Sen. David Perdue (R-Ga.) called on his GOP colleagues to object to key states’ electoral votes for Democratic nominee Joe Biden during the Joint Session of Congress on Jan. 6, coming just two days before the Senate runoff election for two Georgia seats.

Perdue told Fox Business Sunday that he won’t be certified as a sitting senator until the results for the Georgia runoff elections are carried out on Tuesday, Jan. 5, and also if he wins.

“I agreed that I would do that,” Perdue said of objecting to the votes. “The technical problem is that I won’t be certified until this election is certified, some week to 10 days after the election, when we win on Tuesday, but I’m encouraging my colleagues to object. This is something that the American people demand right now.”

Perdue will not be seated because he was elected during the 2014 class. His six-year term started in January 2015 and ends on Jan. 3 and because that happens before the Georgia Senate runoffs, Perdue will technically be a former senator when polls open on Jan. 5.

Sen. David Perdue (R-Ga) speaks during a campaign rally in Milton, Ga., on Dec. 21, 2020. (John Bazemore/AP Photo)                                                                                                                                                                                                                                                                           

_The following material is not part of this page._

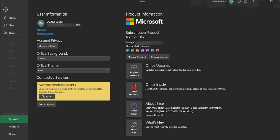Once you click Fix Me, you're going to be prompted to log in using your credentials for that account. If you have multi-factor authentication enabled, go through that process. Once you're logged in, the account window will show in the connected services area that it couldn't display the online services for this account.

About a dozen senators have said they would object to the electoral votes of battleground states that have been challenged by President Donald Trump’s legal team since the Nov. 3 election. At least 50 House GOP lawmakers have pledged to object to states’ electoral votes, fulfilling the requirement that at least one senator and one representative are needed to challenge votes.

Perdue faces Democrat Jon Ossoff, while fellow Republican Georgia Sen. Kelly Loeffler faces Democratic challenger Raphael Warnock for potentially control over the Senate. Republicans currently enjoy a slight majority.

But with just days before the runoff elections, Perdue has to quarantine after coming into proximity with someone who tested positive for the CCP (Chinese Communist Party) virus.

“This morning, Senator Perdue was notified that he came into close contact with someone on the campaign who tested positive for COVID-19,” the campaign said in a statement. “Both Senator Perdue and his wife tested negative today, but following his doctor’s recommendations and in accordance with CDC guidelines, they will quarantine. The Senator and his wife have been tested regularly throughout the campaign, and the team will continue to follow CDC guidelines. Further information will be provided when available.”

Meanwhile, Loeffler has not publicly stated if she will join the effort to object to the electoral votes. Some Republican senators, including its leadership, reportedly do not support the objection efforts.

“Everything’s on the table right now,” Loeffler said during an event last week. “That vote is Jan. 6, and I’m going to continue to fight for this president because he fought for us.”